Introduction to Coroutines

Proxy-Testbench

In the first post of this series on Python verification we discussed the proxy-driven testbench and how a proxy-driven architecture enables Python as a verification language.

Proxy-driven testbench
Proxy-driven Testbench

This testbench uses testbench software to create stimulus and analyze monitored input and results. It implements predictions, scoreboards, and functional coverage.

We normally write this testbench software in SystemVerilog using the UVM. But we might have an easier time writing it in Python. If only we could get Python to talk to an RTL device-under-test (DUT).

It turns out we can with an open source project named cocotb. CoCoTB stands for COroutine COsimulation Test Bench.

  • Coroutines are a Python feature that was originally designed to implement asynchronous interfaces such as IO protocols. It turns out they are perfect for implementing simulation behavior.
  • Cosimulation is running Python from an RTL simulation. cocotb supports Questa and other simulators this way.
  • The testbench refers to our Python program that implements the testbench software block in the diagram above.

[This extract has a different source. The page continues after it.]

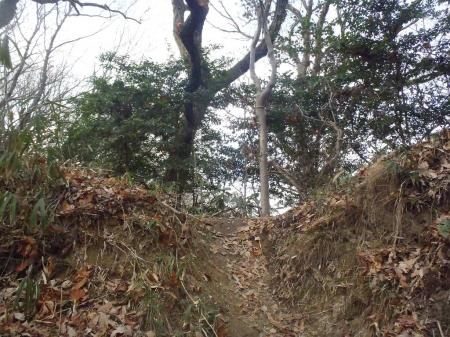 日高山の尾根にとりつぎ。左へ。右は日高山頂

In this blog post we’ll discuss coroutines and create a simple example. In the next we’ll implement a simple testbench.

Awaiting Coroutines

Coroutines are Python functions that run in an event loop provided by a module such as asyncio or cocotb. They are normal functions defined using the async keyword:

async def traffic():
    for _ in range(2):
        time.sleep(1)
        print ("Button pressed")
        await green()

await traffic()

The traffic() coroutine above is called an awaitable. The async keyword means that we cannot simply call this function. We must await it, for example in a Jupyter notebook as above, or run it using an event loop such as asyncio.run(traffic()).

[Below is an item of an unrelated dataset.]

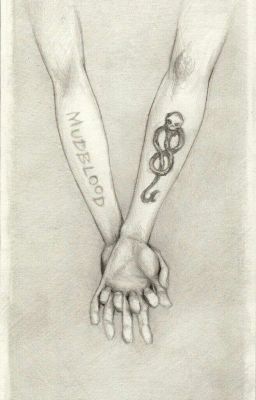 Альтаир Блэк 7 курс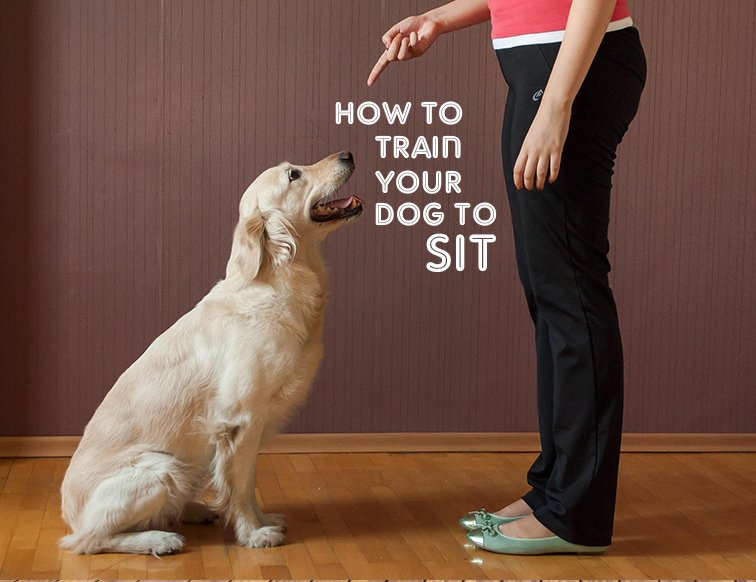 How To Train A Puppy To Sit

The traffic() awaitable loops twice (the _ variable is a Pythonic way of saying that a variable is ignored.) Each time it waits one second and then someone presses the traffic button. Now the traffic must await a green light, so we have the await green() statement. Now let’s look at the entire traffic example:

import time

async def green():
    await red()
    print("GREEN: Traffic going")

async def yellow():
    print("YELLOW: Traffic slowing")
    time.sleep(0.5)

async def red():
    await yellow()
    print("RED: Traffic stopped")
    time.sleep(2)

async def traffic():
    for _ in range(2):
        time.sleep(1)
        print ("Button pressed")
        await green()

await traffic()

The traffic() function awaits the green() coroutine. The lights go yellow, red, green. So green() awaits red(), red() awaits yellow(), and yellow() finishes after two seconds ending the loop. This means the coroutines finish in this order twice: yellow(), red(), green(), traffic(). This gives us the following output:

Button pressed
YELLOW: Traffic slowing
RED: Traffic stopped
GREEN: Traffic going
Button pressed
YELLOW: Traffic slowing
RED: Traffic stopped
GREEN: Traffic going

If you have Jupyter Notebook you can copy the code in a notebook to see the delays in action.